Les images relayées sur Internet illustre l’ampleur du rassemblement de jeunes Marocains dont beaucoup de mineurs non accompagnés, mais aussi d’Algériens et de diverses autres nationalités, dont des Subsahariens qui ont convergé vers Fnideq pour la plupart par train via Tanger ou en autocar. Sur les lieux, un important dispositif de sécurité avait été installé depuis une semaine : plusieurs contingents de la police nationale, de la Gendarmerie royale et des Forces auxiliaires avec des centaines d'agents et de véhicules anti-émeutes, ainsi que huit vedettes ont été mobilisées pour enrayer l’assaut vers les barrières frontalières.

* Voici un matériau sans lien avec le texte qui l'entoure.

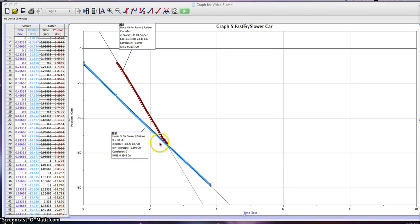The y-intercept equals negative 9 centimeters. So for every one second, the car traveled negative 18 centimeters, and at zero seconds the car was at negative 9 centimeters.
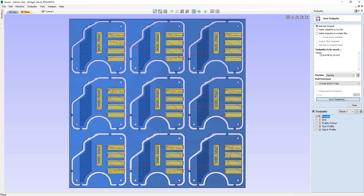In this tutorial, we're going to look at toolpath saving. This is the final step of the process where we take toolpaths and save them out to a file format that's compatible with your CNC machine.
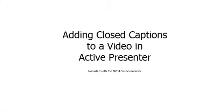That's it. Good luck in adding your closed captions to your videos and making them accessible.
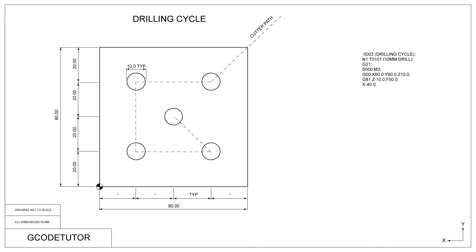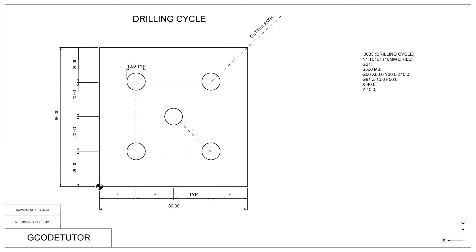Now that we have our G81 drilling cycle active, the machine automatically converts into the incremental positioning system. I explained the incremental positioning system in another part of this course. By just stating one line of code, X minus 40mm, we can move our cutter to the center point of the next hole. We don't need to tell the machine to move down in Z to drill the hole. We simply just need to give it the center position of each hole, and the drilling cycle will take care of the rest by using the Z movement on the G81 line.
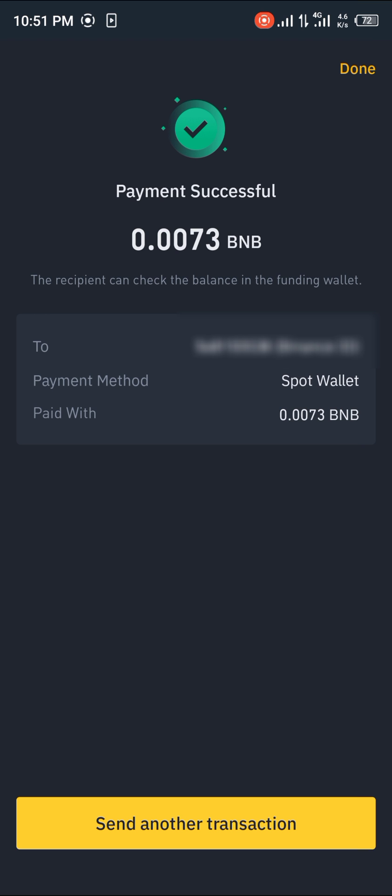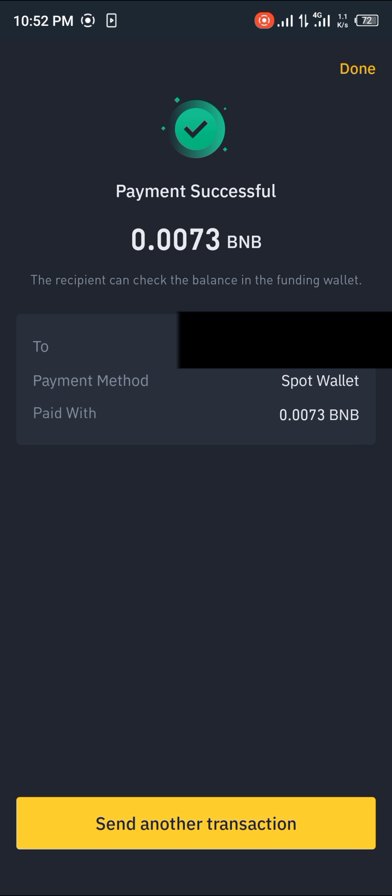That's how you simply transfer crypto from one Binance user to another. Comment down below if you have any questions on how to go about this and you'll be given an answer. Thank you.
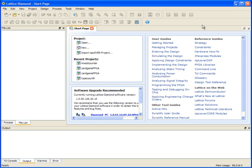This is Brian Kasselis for Lattice Semiconductor. We're going to show an example of how to import an existing ISP Lever project into Diamond.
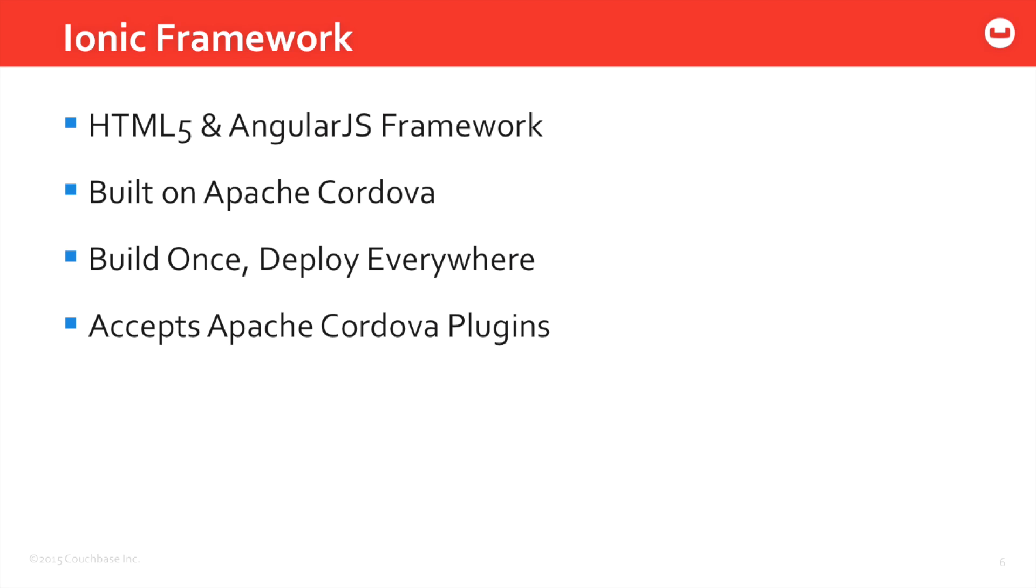It's built on Apache Cordova and it uses the Build Once Deploy Everywhere strategy. So you can build one code set using HTML5 and AngularJS, and then when you go to deploy that code, you can deploy it to both Android and iOS. So you don't need to know Objective-C and you don't need to know Java - you just need to know JavaScript and HTML5.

200 à 400 jeunes déterminés à forcer le passage

Malgré les interpellations préventives dans les transports, la gare ferroviaire de Tanger et la gare routière de Tétouan, au niveau des barrières et points de contrôle qui jalonnent les routes d'accès, deux vagues successives de 200 à 400 jeunes ont été enregistrées, l’une dans la matinée a été tentée contre la clôture brisant la première barrière de séparation avec l’enclave, l’autre le soir, mais sans qu’aucun candidat à la migration n’ait pu atteindre le territoire contrôlé par l’Espagne.


De sources policières espagnoles citées par la presse « le Maroc a garanti le retour immédiat de ceux qui franchiraient la clôture ». Dissuadés de passer le col terrestre de Tarajal et atteindre la clôture d’enceinte, quelques jeunes assaillants ont provoqué quelques heurts avec les forces de sécurité avant d’être arrêtés et refoulés de la zone vers l’intérieur du pays. D’autres, encore regroupés sur les pistes forestières et les montagnes près de Ceuta, sur la route qui mène à Fndieq et même sur l'autoroute de Tanger ont peu à peu été dispersés. Malgré que les autorités aient intensifié la surveillance aux digues de Tarajal et Benzú pour empêcher les entrées de baignade, des groupes de personnes tentant de nager ont également été interceptés sur les plages de Fnideq et Belyounech où a été retrouvé le corps d'un Marocain qui se serait noyé.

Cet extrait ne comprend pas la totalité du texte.